Speaker: Alina Ena
University of Illinois
Title: Submodular cost allocation: applications, algorithms and hardness results
Discrete optimization problems follow a common template: given a set function f on a ground set V, find the subset S of V that maximizes or minimizes f(S) subject to certain constraints on S. If f is a linear function, this framework captures fundamental combinatorial optimization problems. In this talk, we consider optimization problems in which the function f belongs to the more general class of submodular functions. Submodular optimization problems are motivated by several applications and they are of mathematical interest.
In this talk, we identify a class of submodular minimization problems that are tractable. We introduce a model that captures allocation problems with submodular costs and we give a generic approach for designing approximation algorithms for problems in this model. Our model captures several problems of interest, such as non-metric facility location, multiway cut problems in graphs and hypergraphs, uniform metric labeling and its generalization to hub location.
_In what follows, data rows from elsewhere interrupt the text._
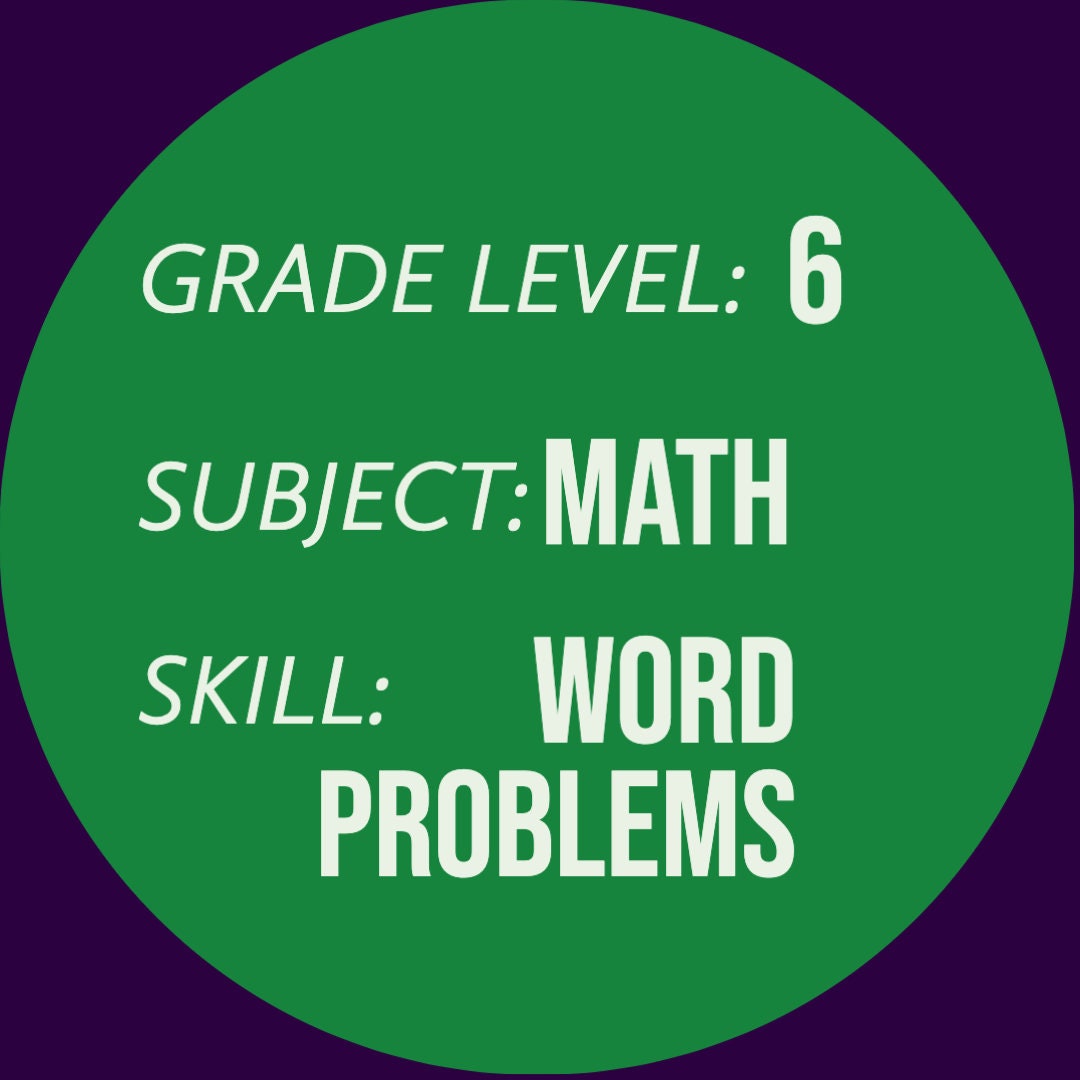 6TH GRADE MATH PRINTABLE Worksheet - Common Core - Homeschool - Word ...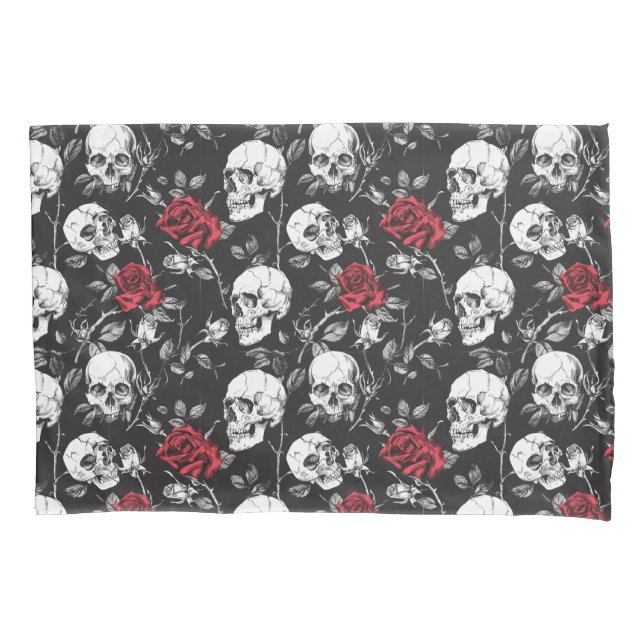 Gothic Skulls and Roses Bedding  Pillow Case (Front)
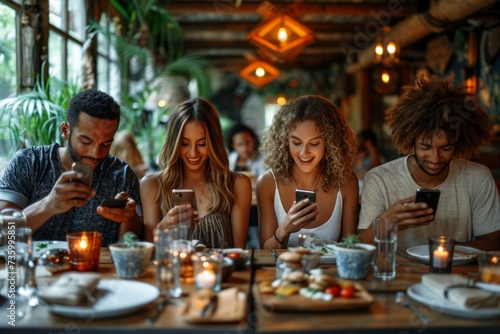 Group of friends using their smartphones in a restaurant while having lunch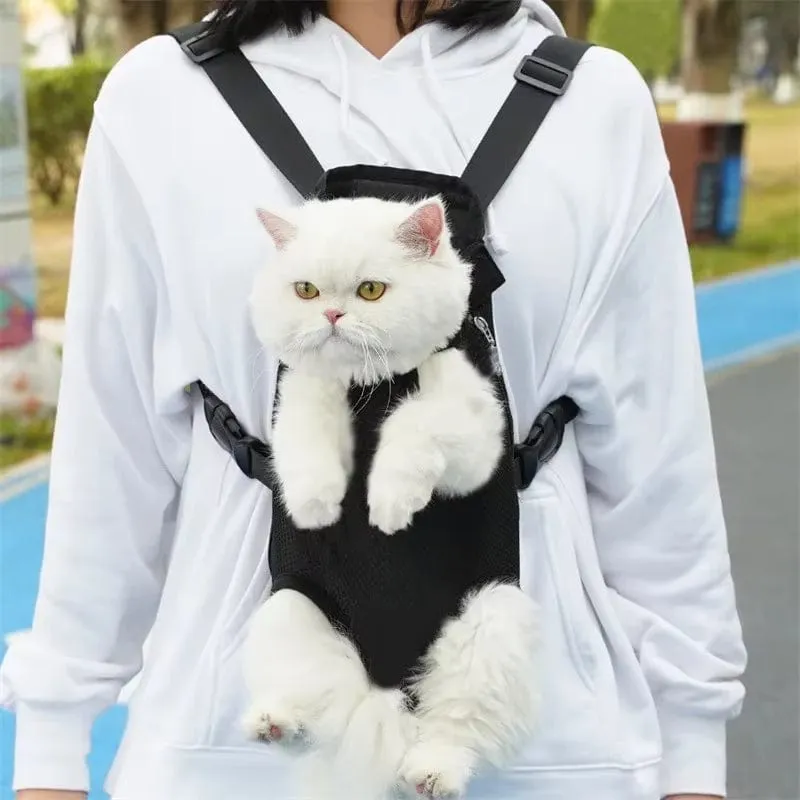 Adjustable Pet Carrier Bag with Double Shoulder Backpack for Outdoor Traveling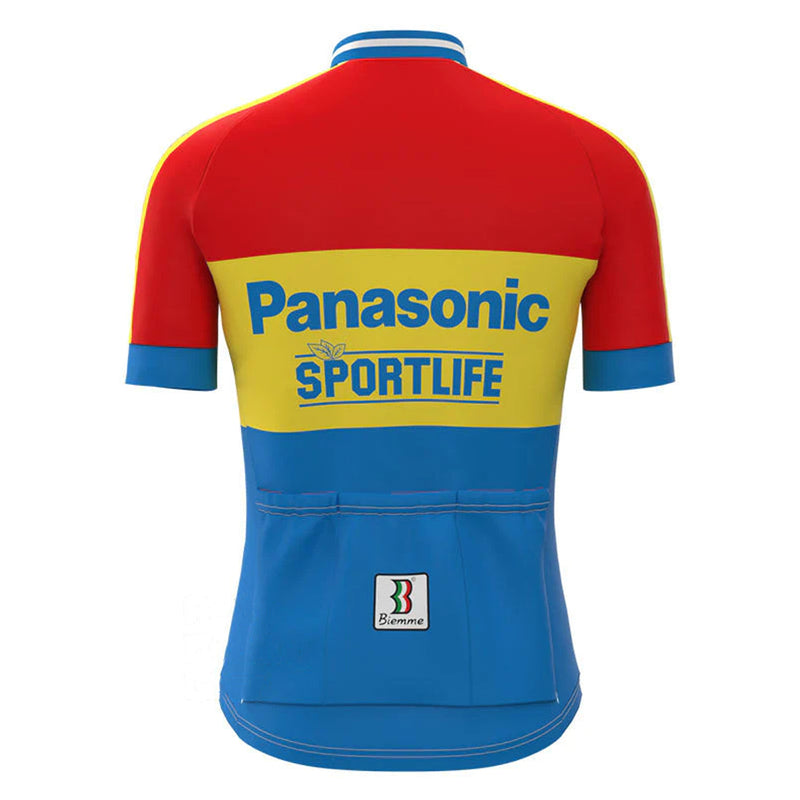 Panasonic Red Yellow Blue Vintage Short Sleeve Cycling Jersey Matching Set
We describe a convex-programming relaxation obtained via the Lovasz extension of a submodular function. This allows us to understand several previous relaxations and rounding procedures in a uniﬁed fashion and also develop new formulations and approximation algorithms for several problems. We complement our algorithmic results with hardness of approximation results for some of the problems in this model.
This talk is based on joint work with Chandra Chekuri, Jan Vondrak, and Yi Wu.